Community wiki answer:
TRUE
and FALSE
as cited in the question context are keywords, not values that can be returned to a client. If true
as a value was returned that would be 4 times bigger than t
, so that's not better.
Statistically 1
and 0
are often present as numbers so they would be harder to distinguish. OTOH t
or f
is a strong visual hint that we have a Boolean
. Same as Y
and N
in a char
column.
boolean
is neither binary
nor a bitstring
. boolean
is boolean
and operates with a ternary logic around the values true
, false
and null
.
Some other RDBMS lack a proper implementation, which may add to the confusion. If you want 0
and 1
instead, just cast the boolean
to integer
e.g.

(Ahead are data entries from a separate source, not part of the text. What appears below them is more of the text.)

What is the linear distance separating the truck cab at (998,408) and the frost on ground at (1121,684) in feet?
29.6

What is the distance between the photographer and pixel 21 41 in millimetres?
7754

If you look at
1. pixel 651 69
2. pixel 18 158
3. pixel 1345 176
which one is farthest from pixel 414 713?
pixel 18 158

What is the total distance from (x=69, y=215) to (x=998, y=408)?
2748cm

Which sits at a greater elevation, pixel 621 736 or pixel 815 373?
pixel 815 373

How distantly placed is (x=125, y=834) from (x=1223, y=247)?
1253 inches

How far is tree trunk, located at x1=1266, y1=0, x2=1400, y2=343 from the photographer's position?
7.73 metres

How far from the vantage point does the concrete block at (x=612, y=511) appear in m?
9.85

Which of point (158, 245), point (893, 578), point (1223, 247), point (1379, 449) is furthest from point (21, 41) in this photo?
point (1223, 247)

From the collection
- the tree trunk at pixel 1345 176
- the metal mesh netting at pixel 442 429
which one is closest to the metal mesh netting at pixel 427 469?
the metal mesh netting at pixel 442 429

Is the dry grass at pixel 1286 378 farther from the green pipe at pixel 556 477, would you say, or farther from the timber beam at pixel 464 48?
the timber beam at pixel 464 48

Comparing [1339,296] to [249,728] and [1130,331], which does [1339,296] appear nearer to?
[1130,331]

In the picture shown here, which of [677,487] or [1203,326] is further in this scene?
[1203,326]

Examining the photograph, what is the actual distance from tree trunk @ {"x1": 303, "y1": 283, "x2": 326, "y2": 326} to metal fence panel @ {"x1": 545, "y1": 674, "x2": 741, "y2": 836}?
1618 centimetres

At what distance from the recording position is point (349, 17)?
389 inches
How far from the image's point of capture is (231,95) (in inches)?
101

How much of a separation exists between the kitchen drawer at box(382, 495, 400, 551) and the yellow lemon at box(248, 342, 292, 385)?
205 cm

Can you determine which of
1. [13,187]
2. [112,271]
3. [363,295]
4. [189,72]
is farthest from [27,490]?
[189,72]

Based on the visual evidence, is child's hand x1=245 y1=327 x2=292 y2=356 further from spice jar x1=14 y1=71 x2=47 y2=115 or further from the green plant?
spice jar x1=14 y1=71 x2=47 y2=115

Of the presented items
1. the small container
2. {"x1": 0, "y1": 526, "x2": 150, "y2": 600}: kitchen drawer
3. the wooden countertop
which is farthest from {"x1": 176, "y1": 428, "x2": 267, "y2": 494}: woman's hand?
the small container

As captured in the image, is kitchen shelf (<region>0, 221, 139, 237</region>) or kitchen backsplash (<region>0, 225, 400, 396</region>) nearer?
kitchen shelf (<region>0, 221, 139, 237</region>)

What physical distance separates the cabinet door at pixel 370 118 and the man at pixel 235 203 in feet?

SELECT true::int
.
Related update in Postgres 9.5:
- Use assignment cast behavior for data type conversions in PL/pgSQL assignments, rather than converting to and from text (Tom Lane)
This change causes conversions of Booleans to strings to produce true or false, not t or f. Other type conversions may succeed in more cases than before; for example, assigning a numeric value 3.9 to an integer variable will now assign 4 rather than failing. If no assignment-grade cast is defined for the particular source and destination types, PL/pgSQL will fall back to its old I/O conversion behavior.